(Required action): Transcribe only what runs from the line including "LEGO mix ok 0.5 kg" through the last line of the entries, exactly as it appears.

◆ ◆ ◆

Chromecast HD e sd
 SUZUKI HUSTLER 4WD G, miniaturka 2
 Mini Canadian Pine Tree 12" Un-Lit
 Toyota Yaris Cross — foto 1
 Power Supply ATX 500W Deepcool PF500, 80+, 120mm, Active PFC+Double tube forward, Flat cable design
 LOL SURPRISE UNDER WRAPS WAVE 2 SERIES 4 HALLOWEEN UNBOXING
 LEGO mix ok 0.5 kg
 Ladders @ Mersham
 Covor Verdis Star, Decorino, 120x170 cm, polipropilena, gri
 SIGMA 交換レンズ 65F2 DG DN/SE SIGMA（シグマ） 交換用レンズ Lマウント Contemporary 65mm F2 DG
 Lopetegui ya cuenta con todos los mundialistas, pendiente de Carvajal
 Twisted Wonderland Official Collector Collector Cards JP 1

◆ ◆ ◆

(Output below):
 LEGO mix ok 0.5 kg
 Ladders @ Mersham
 Covor Verdis Star, Decorino, 120x170 cm, polipropilena, gri
 SIGMA 交換レンズ 65F2 DG DN/SE SIGMA（シグマ） 交換用レンズ Lマウント Contemporary 65mm F2 DG
 Lopetegui ya cuenta con todos los mundialistas, pendiente de Carvajal
 Twisted Wonderland Official Collector Collector Cards JP 1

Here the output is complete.